The task for the listing below is to write out exactly the lines starting at the one containing "I'm going to put" and ending at the one containing "Dip to coat", both included. Pictures are to be omitted.

### Records supplied
^^^^

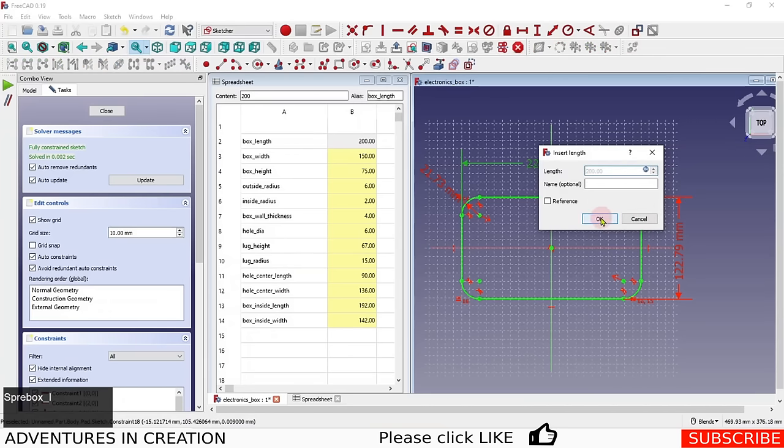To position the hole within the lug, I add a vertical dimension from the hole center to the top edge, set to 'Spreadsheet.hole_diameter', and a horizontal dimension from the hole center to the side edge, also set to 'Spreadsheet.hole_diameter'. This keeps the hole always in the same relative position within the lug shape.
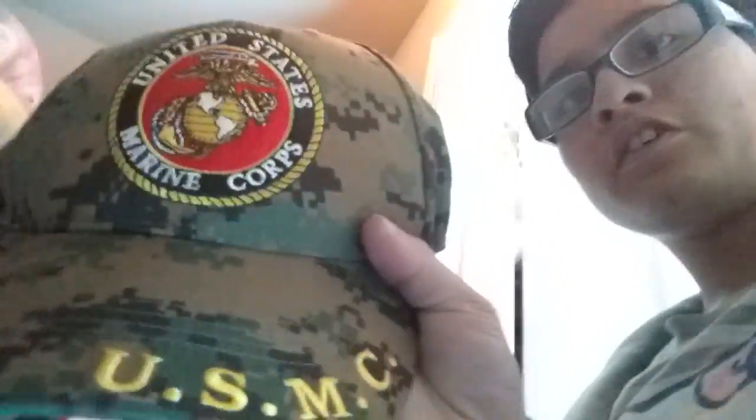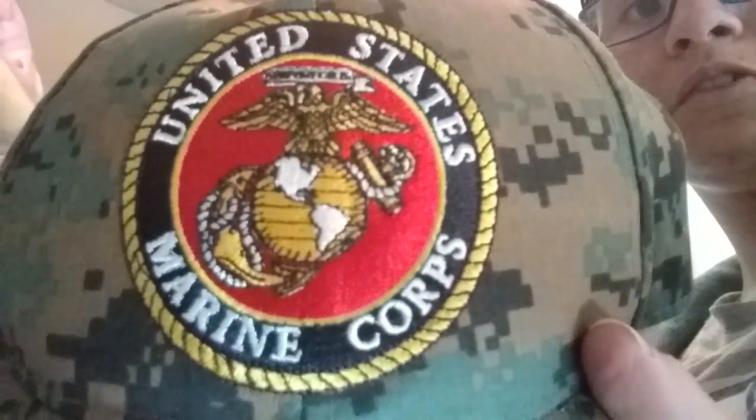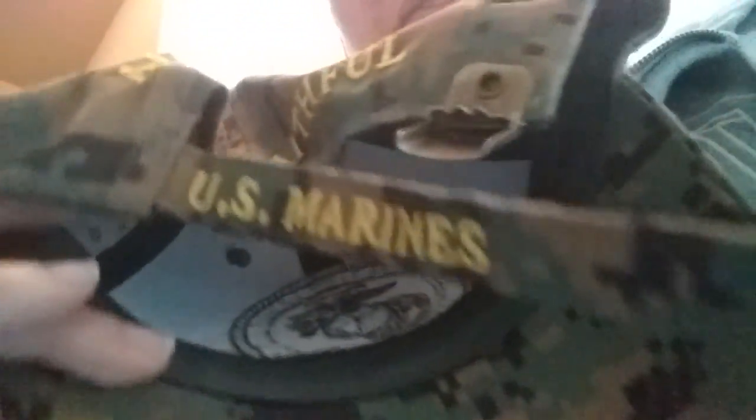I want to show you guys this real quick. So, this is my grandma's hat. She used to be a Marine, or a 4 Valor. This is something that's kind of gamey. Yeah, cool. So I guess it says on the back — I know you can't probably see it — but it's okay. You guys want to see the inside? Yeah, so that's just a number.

^^^^

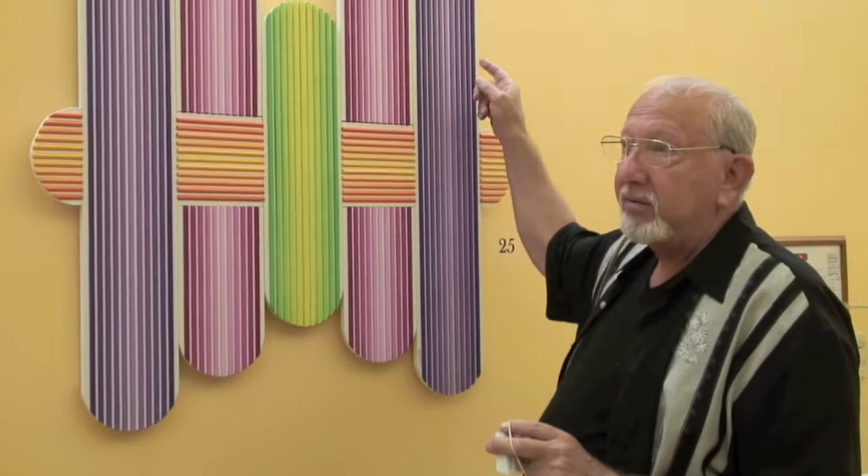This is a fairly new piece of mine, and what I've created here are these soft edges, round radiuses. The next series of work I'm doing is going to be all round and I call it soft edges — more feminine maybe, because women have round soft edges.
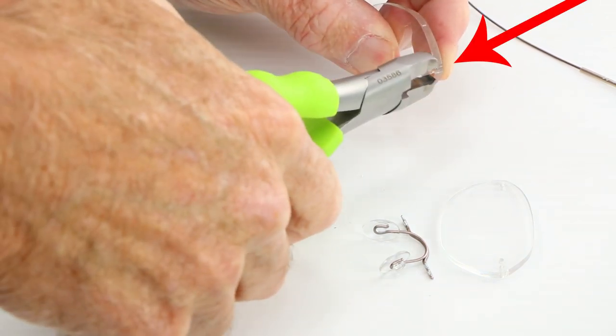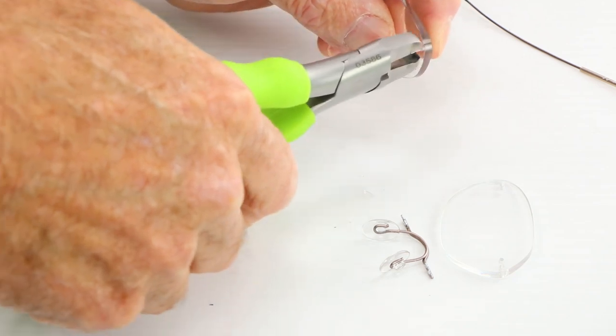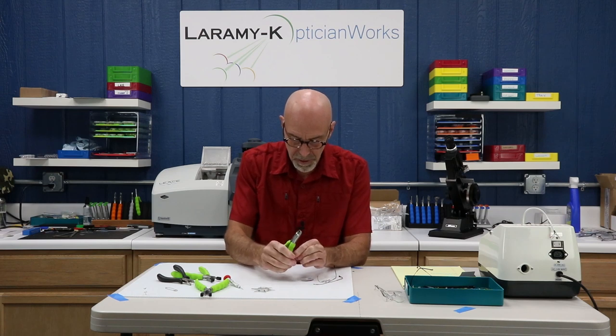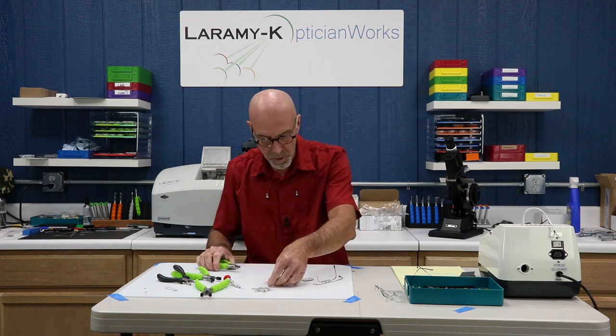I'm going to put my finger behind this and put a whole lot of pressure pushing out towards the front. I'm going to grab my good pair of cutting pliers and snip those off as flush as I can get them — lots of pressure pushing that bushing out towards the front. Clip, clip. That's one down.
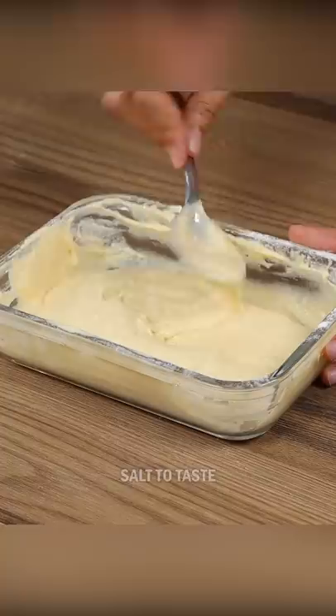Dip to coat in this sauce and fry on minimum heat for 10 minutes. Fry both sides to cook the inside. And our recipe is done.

^^^^

### Answer to this task
I'm going to put my finger behind this and put a whole lot of pressure pushing out towards the front. I'm going to grab my good pair of cutting pliers and snip those off as flush as I can get them — lots of pressure pushing that bushing out towards the front. Clip, clip. That's one down.
Dip to coat in this sauce and fry on minimum heat for 10 minutes. Fry both sides to cook the inside. And our recipe is done.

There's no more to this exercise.